RECORDS:
• • •

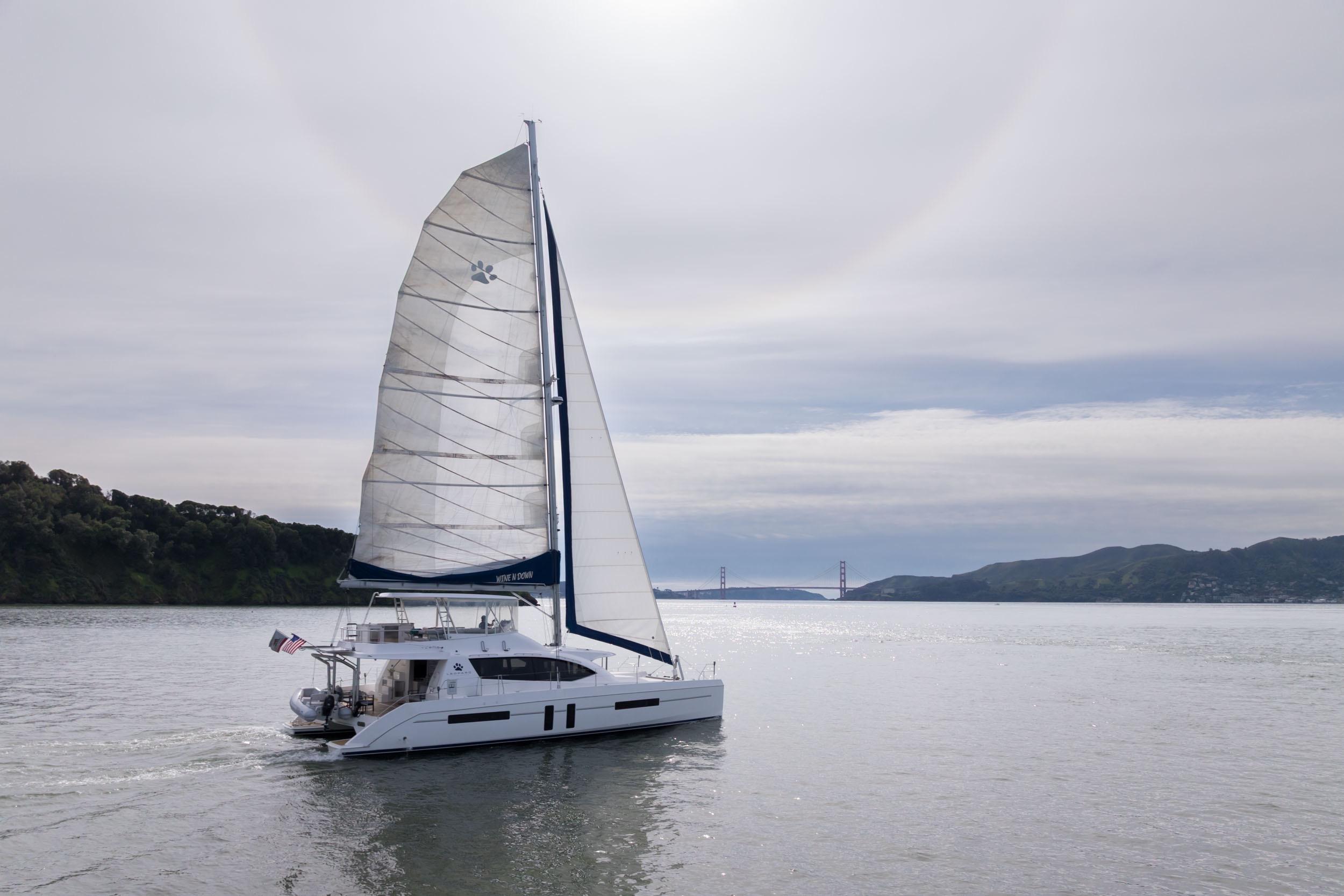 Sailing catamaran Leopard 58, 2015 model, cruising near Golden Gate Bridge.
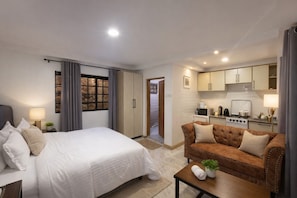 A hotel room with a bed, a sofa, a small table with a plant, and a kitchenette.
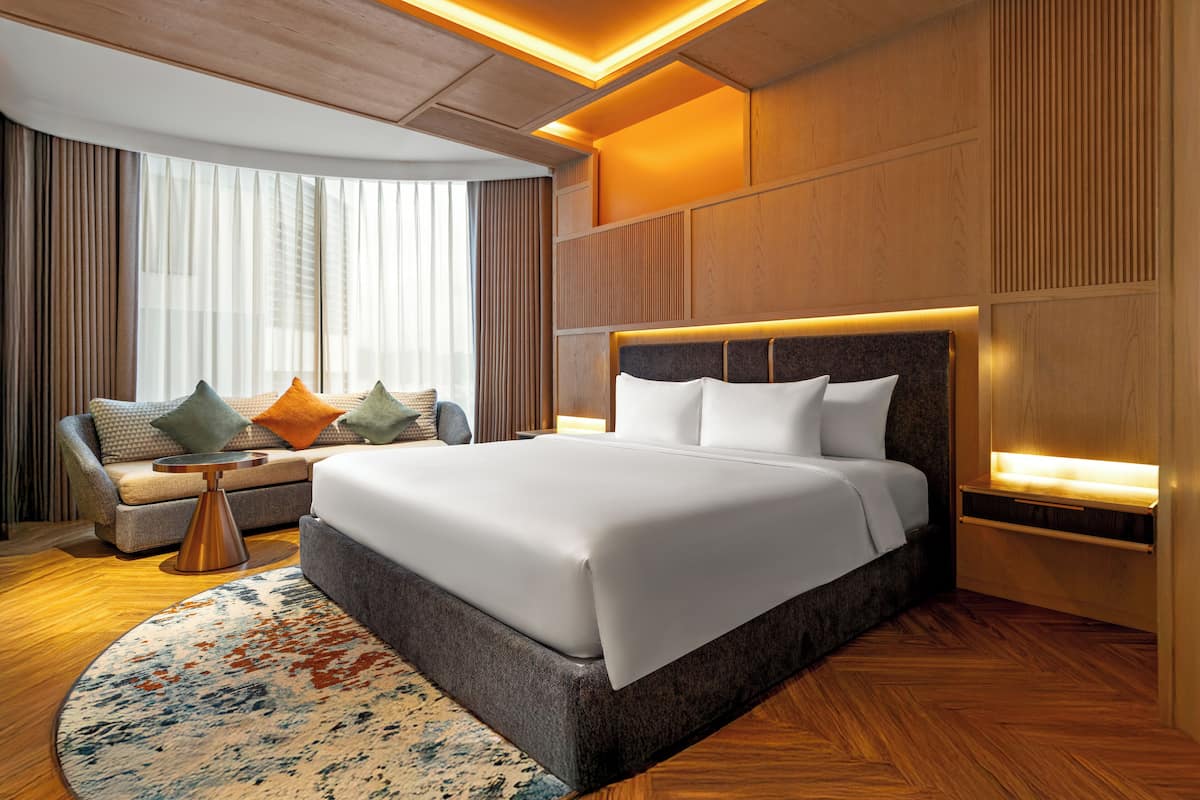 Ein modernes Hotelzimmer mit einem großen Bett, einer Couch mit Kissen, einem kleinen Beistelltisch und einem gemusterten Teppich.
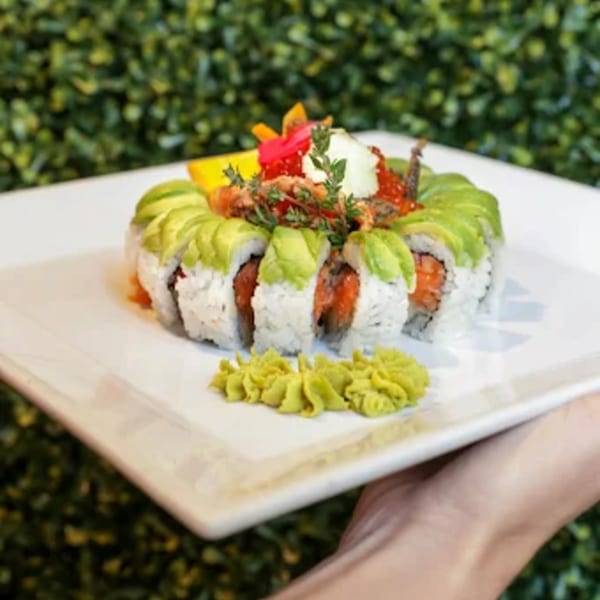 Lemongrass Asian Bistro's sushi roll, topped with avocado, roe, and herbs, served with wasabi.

• • •

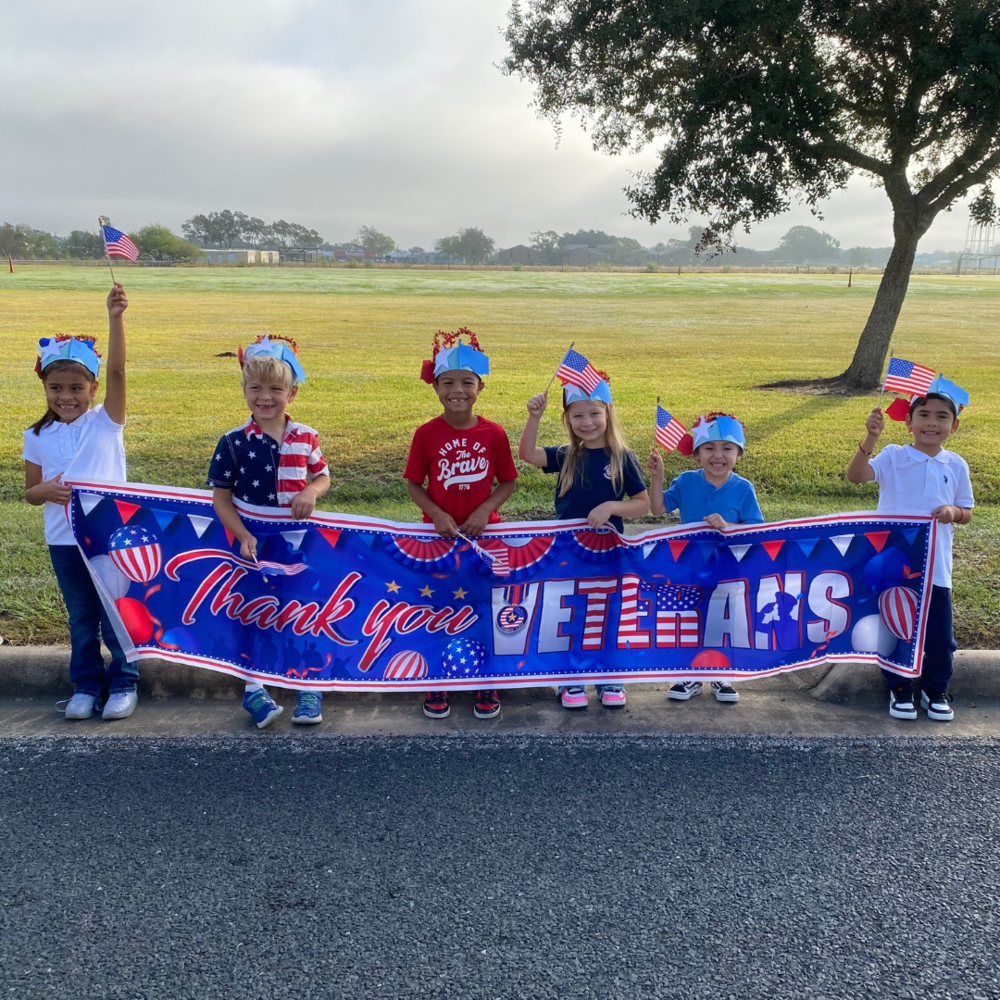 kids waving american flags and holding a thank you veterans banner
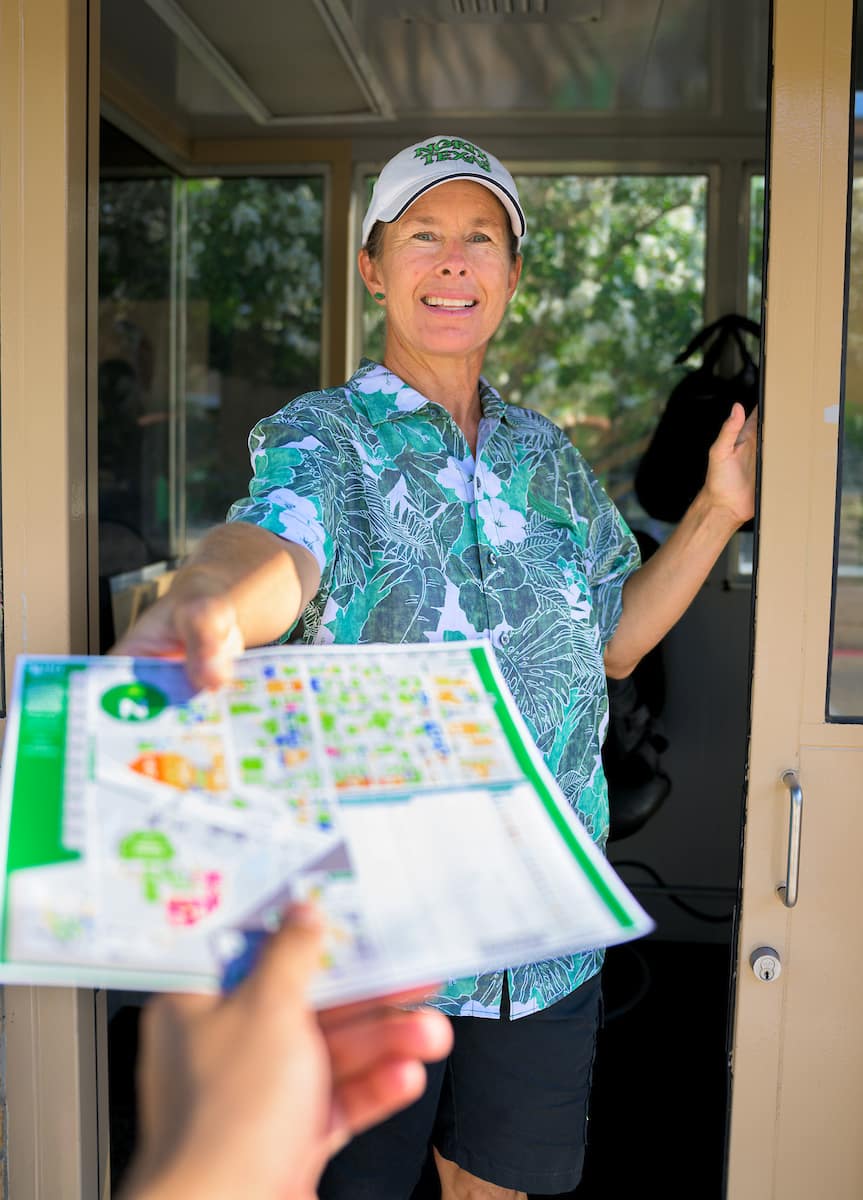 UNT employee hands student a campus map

• • •

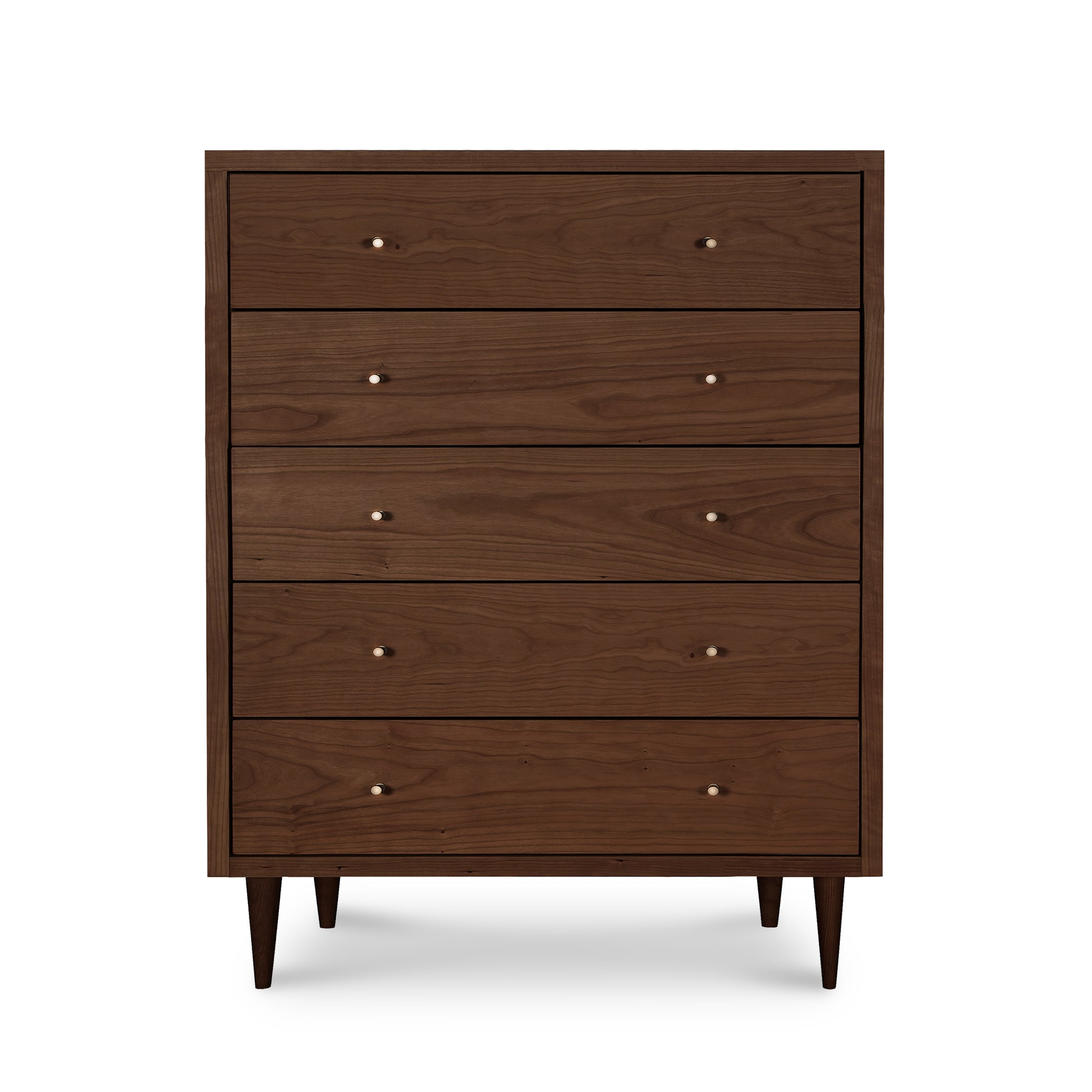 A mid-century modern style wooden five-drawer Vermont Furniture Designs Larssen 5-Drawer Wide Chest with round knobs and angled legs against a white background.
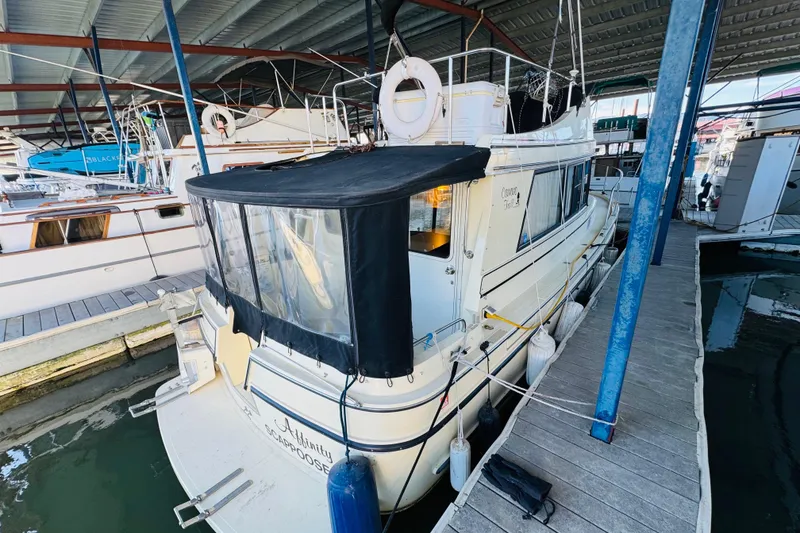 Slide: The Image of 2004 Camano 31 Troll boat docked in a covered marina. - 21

• • •

EXERCISE DETAILS:
Transcribe, word for word, the lines of the listing above from the one that contains "Sailing catamaran Leopard" through the one that contains "Lemongrass Asian Bistro's", keeping both ends and dropping the pictures.

WRITTEN SOLUTION:
 Sailing catamaran Leopard 58, 2015 model, cruising near Golden Gate Bridge.
 A hotel room with a bed, a sofa, a small table with a plant, and a kitchenette.
 Ein modernes Hotelzimmer mit einem großen Bett, einer Couch mit Kissen, einem kleinen Beistelltisch und einem gemusterten Teppich.
 Lemongrass Asian Bistro's sushi roll, topped with avocado, roe, and herbs, served with wasabi.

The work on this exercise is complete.